- [TASK STATEMENT]
No image is to be carried over; reproduce the rest of the listing word for word.

- [DATA SEGMENT]
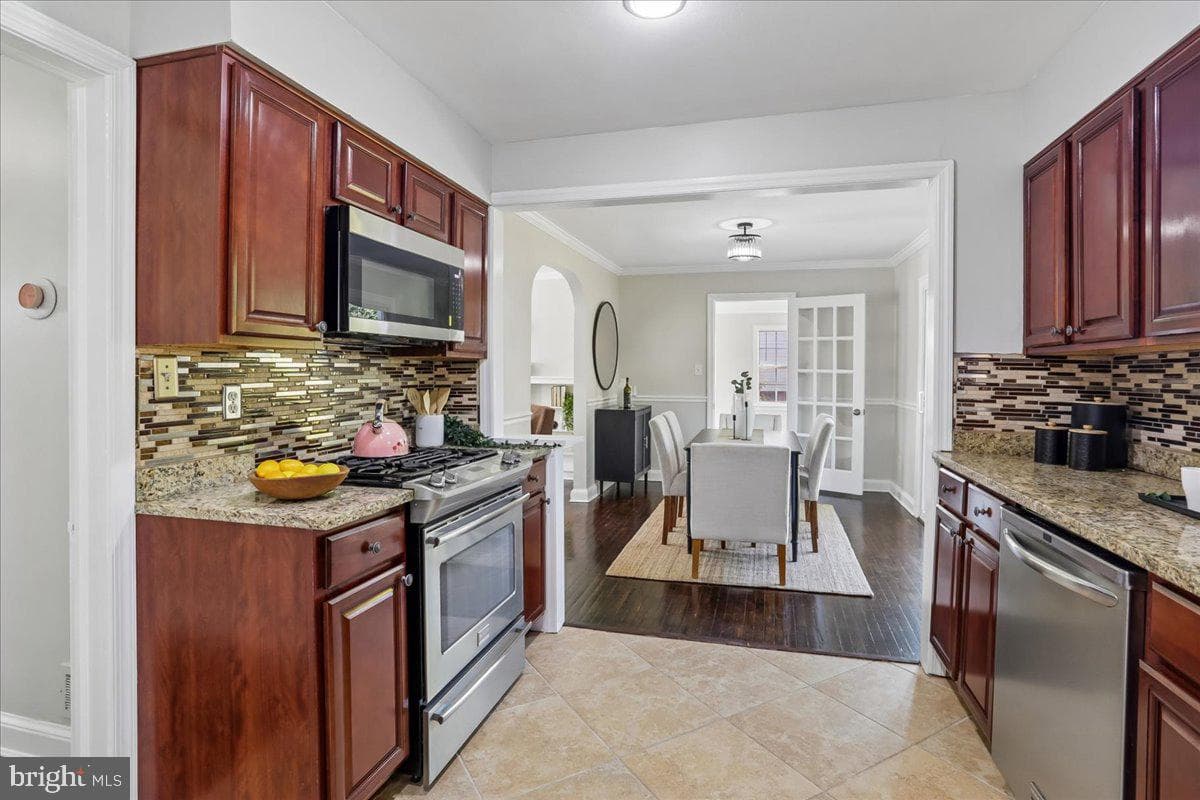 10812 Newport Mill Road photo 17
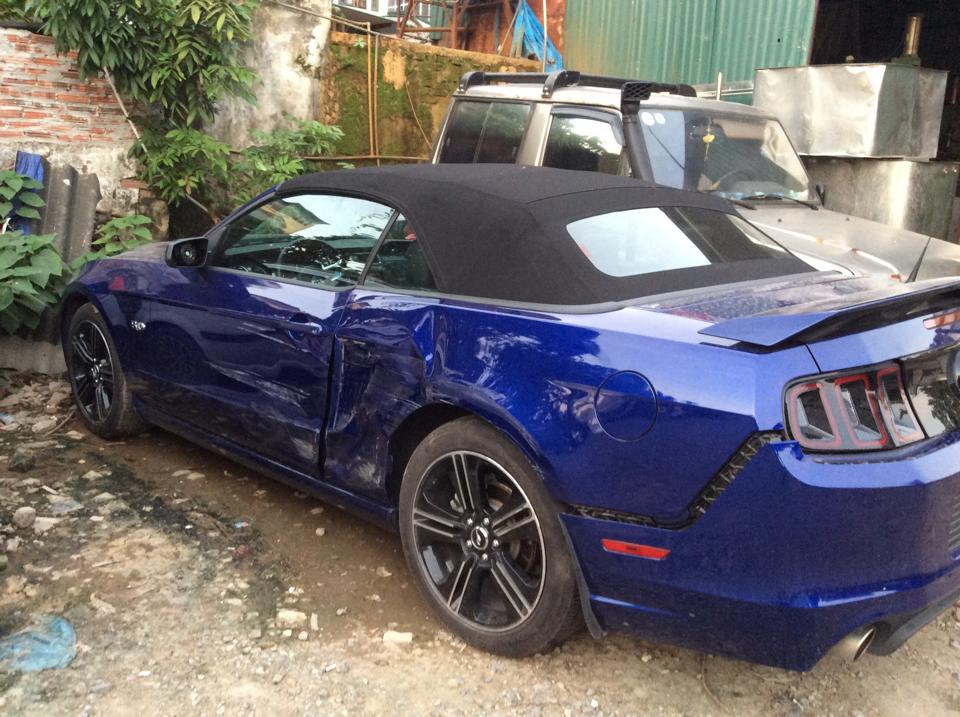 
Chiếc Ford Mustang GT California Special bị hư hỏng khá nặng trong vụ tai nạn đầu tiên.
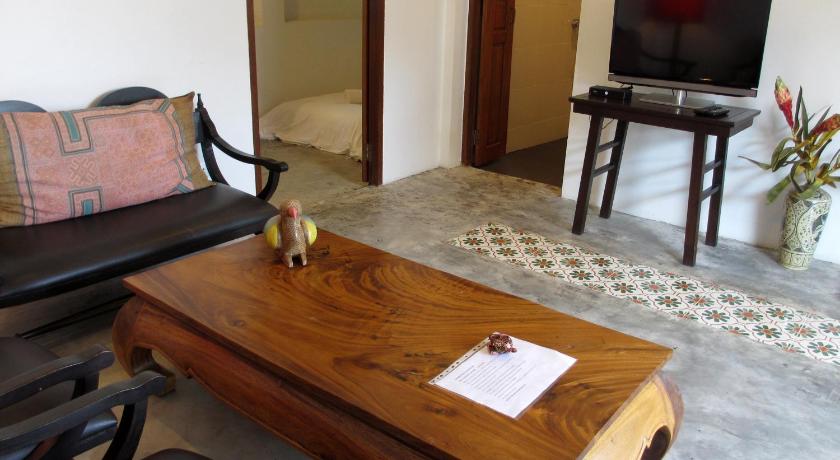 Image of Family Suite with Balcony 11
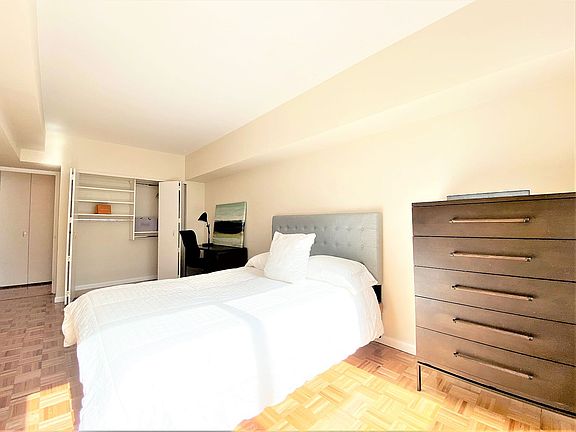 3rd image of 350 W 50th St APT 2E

- [ANSWER FOR THIS EXERCISE]
 10812 Newport Mill Road photo 17
Chiếc Ford Mustang GT California Special bị hư hỏng khá nặng trong vụ tai nạn đầu tiên.
 Image of Family Suite with Balcony 11
 3rd image of 350 W 50th St APT 2E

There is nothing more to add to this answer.